The clarity of the dialogue, the amount of score we hear or don’t hear, the violence of the hits that bash down the Millers’ front door — all of these choices lock the audience into the ride that “Adolescence” wants to take us on. Supervising sound editor James Drake and his team worked from even before shooting in order to calibrate the intensity of the experience, and to find the right spots to subjectively bring us into key characters’ emotional landscapes, too.
“It was just really [about] trying to find those emotional beats,” Drake told IndieWire. “And then on top of that [about giving] the sound space so those really big, heightened moments feel heightened. It’s constantly thinking about the point of view and the way that the camera’s pointing, and as soon as it pans, as soon as it starts to move, where in that field of vision should the sound be?”
In the video above, watch how Drake and his team worked to make the soundscape of “Adolescence” as seamless and emotionally resonant as its visual style.

The Casting of ‘Adolescence’
Of course, nothing that happened on set would be possible without building the right team for “Adolescence.” Much has been made of the challenge of finding the younger actors to execute some very tricky dramatic scenes, and rightly so. Casting director Shaheen Baig and her team had to look in unconventional places and spread the word high and low, and over all sorts of Instagram stories in order to find Owen Cooper for Jamie, Amelie Pease for Lisa, Fatima Bojang for Jade, and others.
But every actor, from Stephen Graham on down, had to bring a certain level of fearlessness and generosity of spirit to the project, and Baig was looking for those qualities as much as for the right faces to embody a community in the North of England. She needed to find the weary, warm rapport that Ashley Walters and Faye Marsay have as Bascombe and Frank; she needed to see the chemistry and beautiful shared language that Graham and Christine Tremarco had with each other as married couple Eddie and Manda; she needed to know Erin Doherty was the right scene partner to help Cooper unlock his most stunning work.

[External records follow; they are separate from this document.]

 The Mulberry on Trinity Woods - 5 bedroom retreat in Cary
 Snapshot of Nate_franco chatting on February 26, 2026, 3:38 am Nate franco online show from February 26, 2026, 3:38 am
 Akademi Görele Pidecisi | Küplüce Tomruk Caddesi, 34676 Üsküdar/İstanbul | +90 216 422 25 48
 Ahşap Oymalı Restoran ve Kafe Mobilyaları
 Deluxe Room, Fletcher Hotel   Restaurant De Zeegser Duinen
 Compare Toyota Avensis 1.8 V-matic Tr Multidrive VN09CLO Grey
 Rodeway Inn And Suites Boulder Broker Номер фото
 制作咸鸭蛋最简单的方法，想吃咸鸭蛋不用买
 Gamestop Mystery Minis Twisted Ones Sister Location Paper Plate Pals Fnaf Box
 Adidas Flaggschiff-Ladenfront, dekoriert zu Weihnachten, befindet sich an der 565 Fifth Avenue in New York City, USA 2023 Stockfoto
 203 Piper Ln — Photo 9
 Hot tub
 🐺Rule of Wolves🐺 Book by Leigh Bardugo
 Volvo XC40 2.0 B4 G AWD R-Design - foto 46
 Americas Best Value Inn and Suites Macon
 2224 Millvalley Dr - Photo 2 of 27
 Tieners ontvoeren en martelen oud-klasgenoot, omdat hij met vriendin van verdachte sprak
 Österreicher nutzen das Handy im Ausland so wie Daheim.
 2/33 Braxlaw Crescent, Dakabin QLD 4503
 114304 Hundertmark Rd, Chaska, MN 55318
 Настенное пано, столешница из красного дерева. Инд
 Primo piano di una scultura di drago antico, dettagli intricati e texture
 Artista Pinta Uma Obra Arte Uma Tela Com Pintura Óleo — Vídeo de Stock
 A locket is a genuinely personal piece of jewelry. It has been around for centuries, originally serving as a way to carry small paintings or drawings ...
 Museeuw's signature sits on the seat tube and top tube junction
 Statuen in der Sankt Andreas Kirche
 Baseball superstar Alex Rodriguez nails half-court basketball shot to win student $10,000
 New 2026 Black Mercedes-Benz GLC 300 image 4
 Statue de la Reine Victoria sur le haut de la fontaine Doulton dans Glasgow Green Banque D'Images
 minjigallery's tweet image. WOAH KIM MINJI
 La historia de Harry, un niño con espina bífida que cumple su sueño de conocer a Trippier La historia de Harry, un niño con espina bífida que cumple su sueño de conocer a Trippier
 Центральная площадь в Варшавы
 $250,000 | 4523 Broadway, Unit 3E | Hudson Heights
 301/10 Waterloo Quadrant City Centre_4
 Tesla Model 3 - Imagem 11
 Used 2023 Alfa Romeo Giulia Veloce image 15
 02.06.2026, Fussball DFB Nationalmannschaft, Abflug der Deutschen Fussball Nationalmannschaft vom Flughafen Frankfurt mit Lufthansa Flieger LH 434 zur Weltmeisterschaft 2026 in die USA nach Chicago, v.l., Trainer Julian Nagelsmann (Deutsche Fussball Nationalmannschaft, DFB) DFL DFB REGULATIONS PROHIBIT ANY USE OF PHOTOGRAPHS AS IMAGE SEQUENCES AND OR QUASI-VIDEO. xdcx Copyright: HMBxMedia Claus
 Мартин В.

“ It’s not the case that a casting director opens a book or opens, you know, IMDB and goes, ‘Yeah, it’s these five people. This does the job.’ And it’s the same five people you see in everything. You know, there is a craft, there’s a lot of time and effort and conversation and debate that goes into it,” Baig told IndieWire. “If coming out of ‘Adolescence,’ it’s made people think more about what the craft of casting is then I’m really proud about that and I’m really happy about that.”
In the video above, watch how Baig and her team searched for the focus, discipline, giving mentality, and improvisational skills that make single-takes work so well, and found the ensemble that was able to pull off “Adolescence.”